*TASK ITEM:*
Repeat the listing word for word. Leave every picture out.

*INFORMATION PROVIDED:*
- - - -

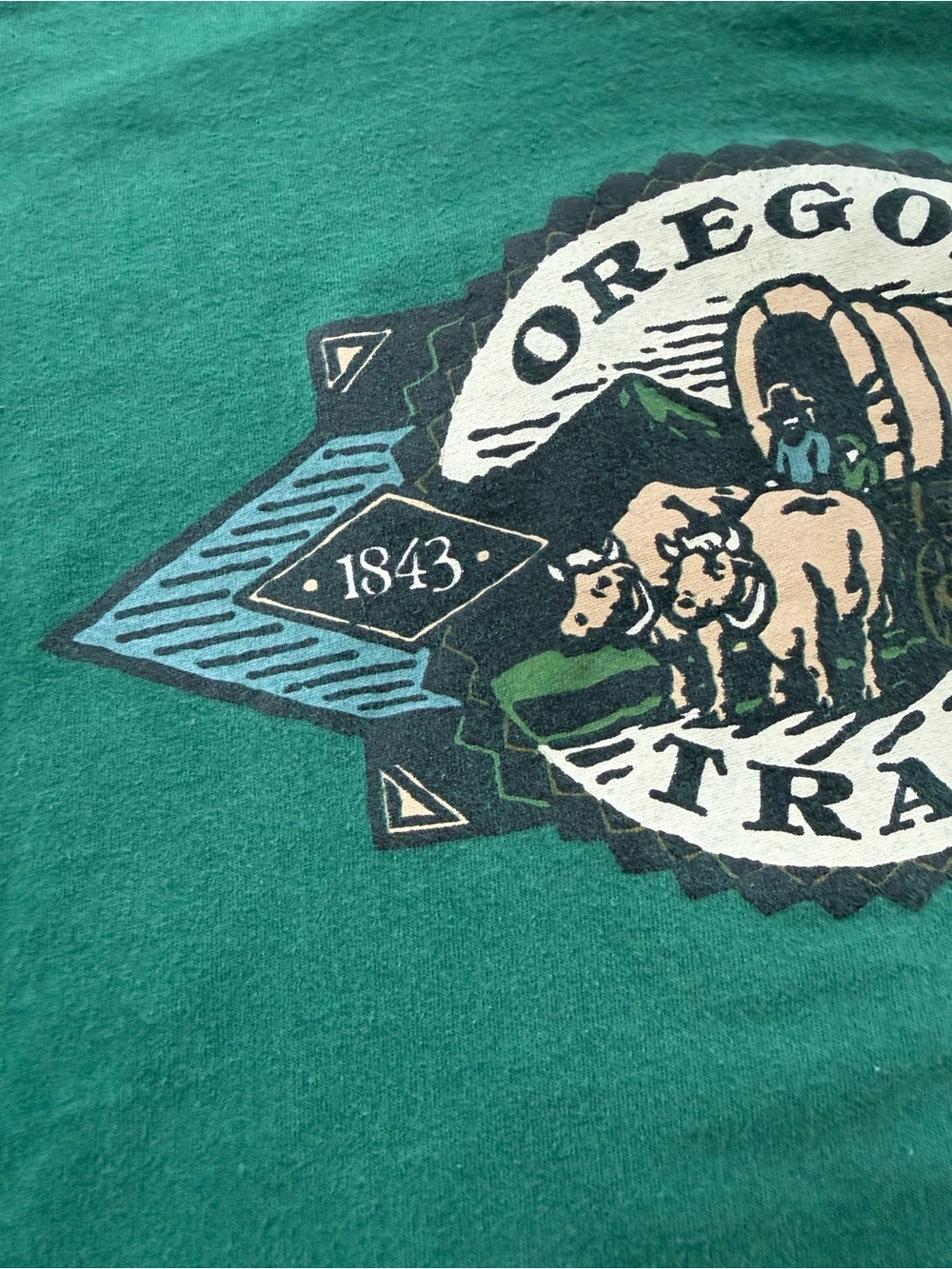 Vintage 90s Single Stitch Hanes Oregon Trail T-Shirt Green 100% Cotton USA S/M - Picture 7 of 9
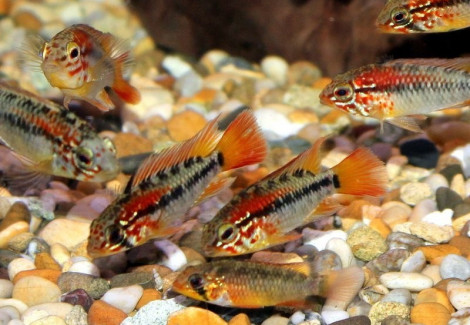 Apistogramma Viejita Ii 3-4Cm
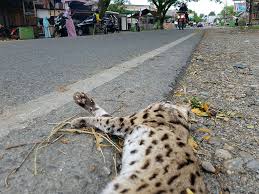 Mancing ikan di kubangan hutan kalimantan berau kalimantan timur. Kucing Hutan Ditemukan Mati Di Nagan Raya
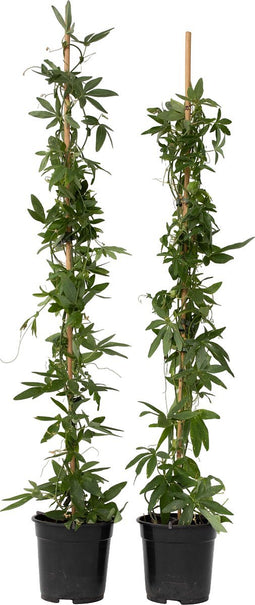 Plant in a Box - Passiflora 'Constance Elliot' XL - 2 stuks - Passiebloem - Tuinplant - Klimplant - ⌀17 cm - Hoogte 110-120 cm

- - - -

*TASK OUTPUT:*
 Vintage 90s Single Stitch Hanes Oregon Trail T-Shirt Green 100% Cotton USA S/M - Picture 7 of 9
 Apistogramma Viejita Ii 3-4Cm
 Mancing ikan di kubangan hutan kalimantan berau kalimantan timur. Kucing Hutan Ditemukan Mati Di Nagan Raya
 Plant in a Box - Passiflora 'Constance Elliot' XL - 2 stuks - Passiebloem - Tuinplant - Klimplant - ⌀17 cm - Hoogte 110-120 cm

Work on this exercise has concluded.